Hi CCI,
I have been working on compiling a list of things that I want to share with potential adoptive parents and adoptive parents in general.
I can only speak from my experience as a Chinese adoptee and only speak for myself. Anything written here is not sponsored by China's Children International and is simply my opinion. This is also not a call out post, but rather things I have thought about for a long and hard time that I think are important to say. Ultimately, this post is real, but I hope that through being honest it can be helpful for parents. At the end of the day, I'm here to make sure that adopted kids don't feel as alone in this as I did as a kid. I want smaller versions of me to build a healthy identity and feel worthy, to feel brilliant as they are, and to feel a sense of belonging. And in many ways the adoptive parents have a huge role in this. Thanks for reading!
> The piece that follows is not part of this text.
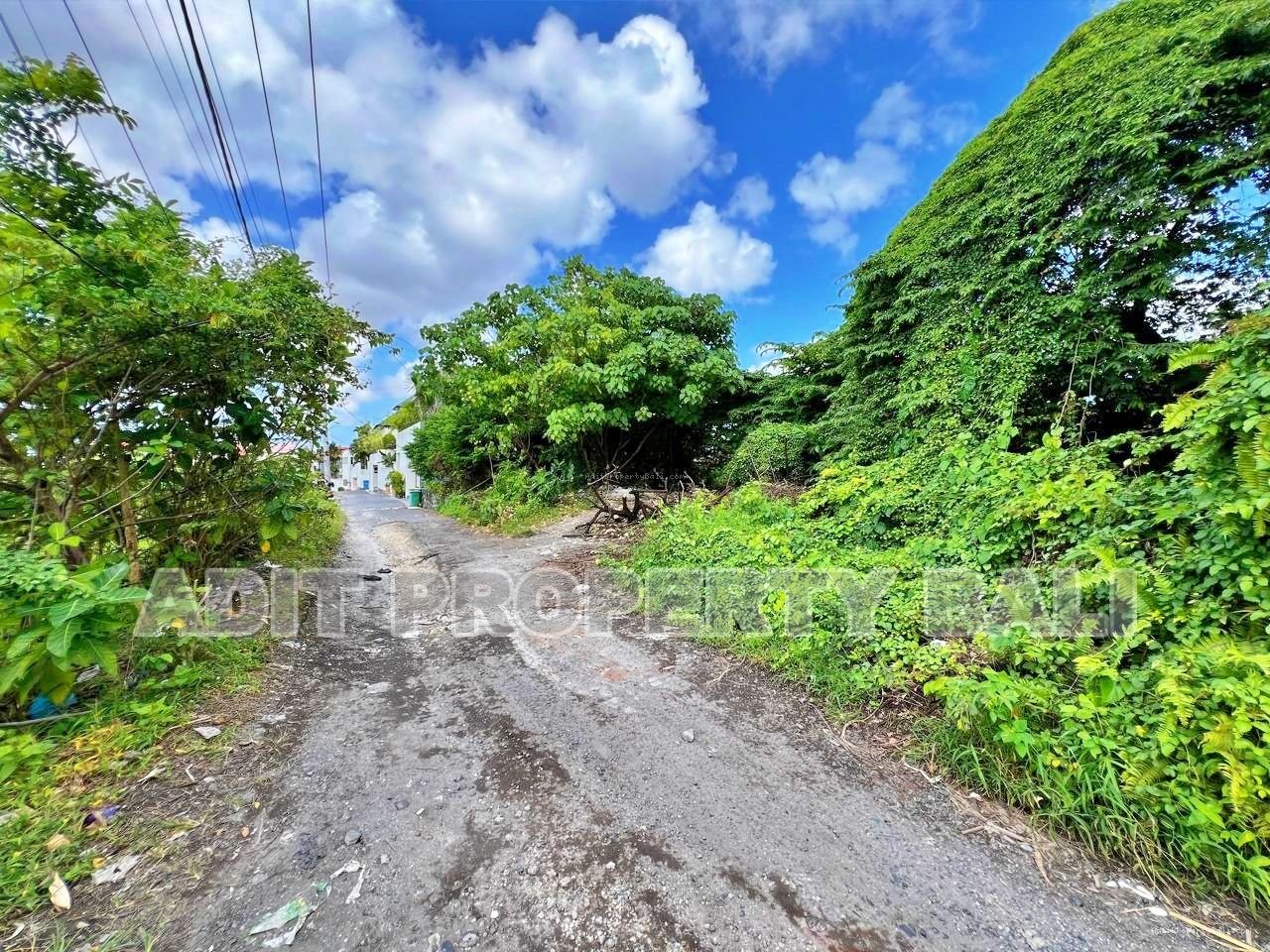 Tanah pantai batubolong canggu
- If you are adopting from an Asian country because you don’t want a child of color (aka a Black child), stop and reflect and understand that Asians are people of color too. We are labeled as minorities and will be seen as foreigners in the US even though this is our home. If you cannot be an ally to your immigrant, child of color please do not adopt internationally. Also, if you dislike the place the child comes from and are not willing to respect the community from which they come, don’t adopt from there.
- Chinese dance and making dumplings are great (very fun and important)! But I cannot stress how important it is to have real life role models who look like us. The kids need real life examples of adults who look like them, so they don’t feel that they are the only one in the world like themselves. Role models can be found through mentor groups like Connect a Kid.
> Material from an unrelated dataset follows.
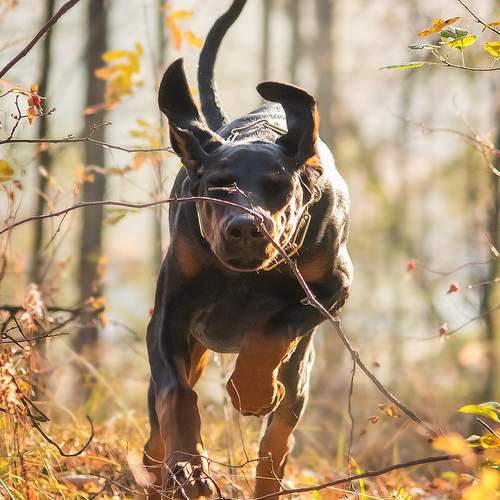 Photo #11936537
- Unfortunately, your love does not make issues surrounding adoption go away. The world is unfair and it is naive to believe that the love of the adoptive family will protect a child from racism, issues with identity, and policies that impact them as immigrants and as people of color. Like no amount of love will protect a child who’s adoptive parents didn’t do the correct paperwork for their citizenship. So love your kid, but also stay informed and be willing to be their advocate.
- Adoption comes from loss. While as adoptive parents you might feel “lucky”, just a reminder that another family has lost a child. Please come from a place of humility and know that this child was placed in your life from a previous family. From a real-life family of human beings with feelings and hopes and dreams just like you.
- If your child is not talking about race, identity, birth parents, etc. that does not mean they are not thinking about it (ex: I thought it was normal to be called Chinese kid instead of my name. And so I never told my parents because I thought I deserved the way I was being treated). Dialogue, truly listen, and create a space in which the child feels comfortable talking about this with you. Make sure they know that in talking about birthparents, race, or identity they are not hurting you.
- Finally, Chinese people have been successfully rearing children for thousands of years. So just because the family is poor doesn’t mean that these people are immediately disqualified from raising a child. Indeed, Chinese are highly capable of raising children, they’ve been doing it longer than almost anyone else in the world. So please don’t dehumanize the people of their birth country, people everyday are raised and thrive in China. Instill a sense of pride in your child that they are Chinese and a member of this ancient ancestry.